** Opening Provided information block **
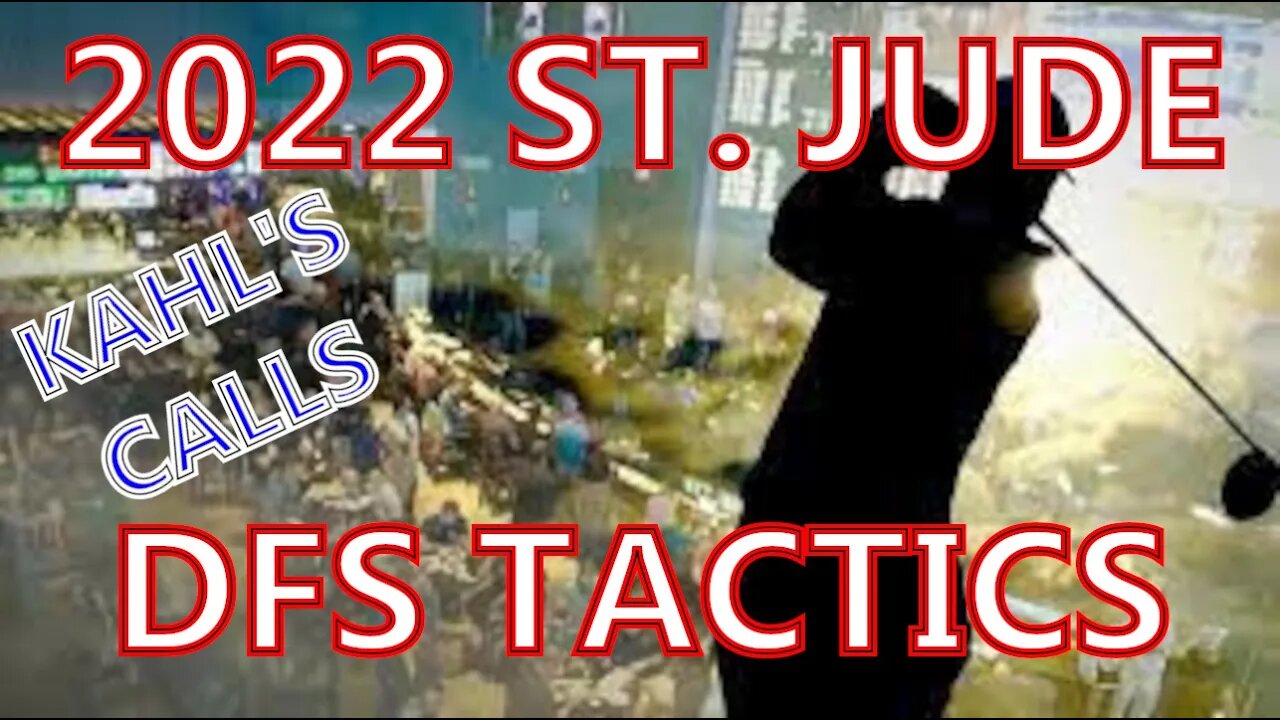 2022 St. Jude DFS Tactics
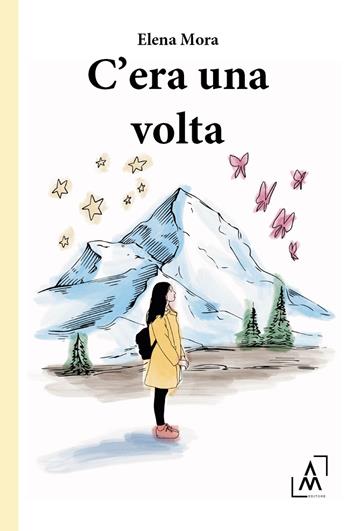 C'era una volta - Elena Mora - Libro Altromondo Editore di qu.bi Me 2024 | Libraccio.it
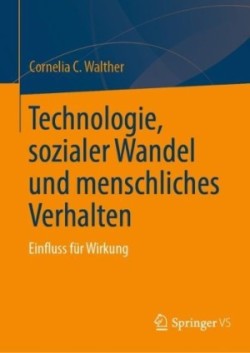 Technologie, sozialer Wandel und menschliches Verhalten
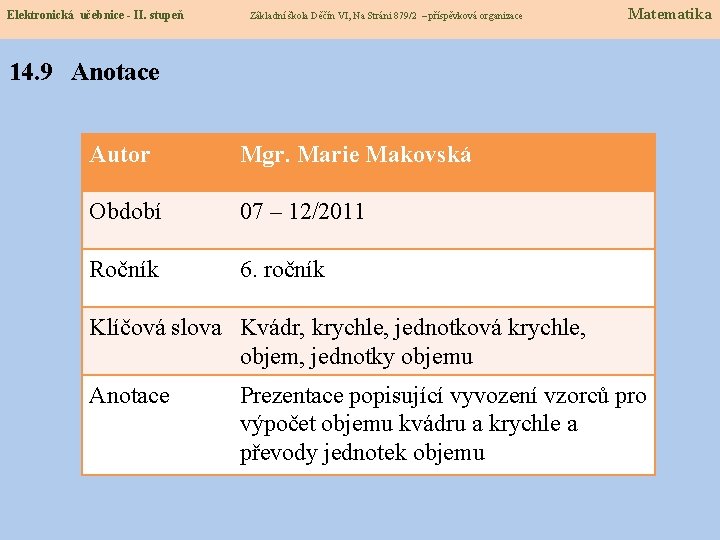 Elektronická učebnice - II. stupeň Základní škola Děčín VI, Na Stráni 879/2 – příspěvková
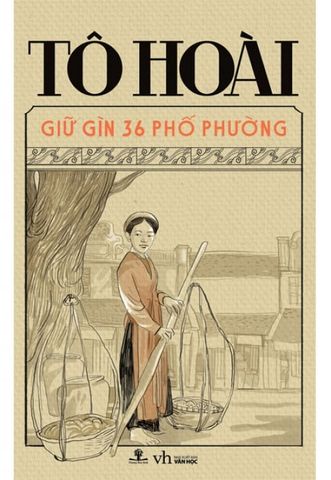 Giữ Gìn 36 Phố Phường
** Closing Provided information block **
**Aim of the exercise**: Set down, in exact form, only the lines that start at the one containing "Technologie, sozialer Wandel" and finish at the last line of the material; pictures do not go in.

**Answer box**:
 Technologie, sozialer Wandel und menschliches Verhalten
 Elektronická učebnice - II. stupeň Základní škola Děčín VI, Na Stráni 879/2 – příspěvková
 Giữ Gìn 36 Phố Phường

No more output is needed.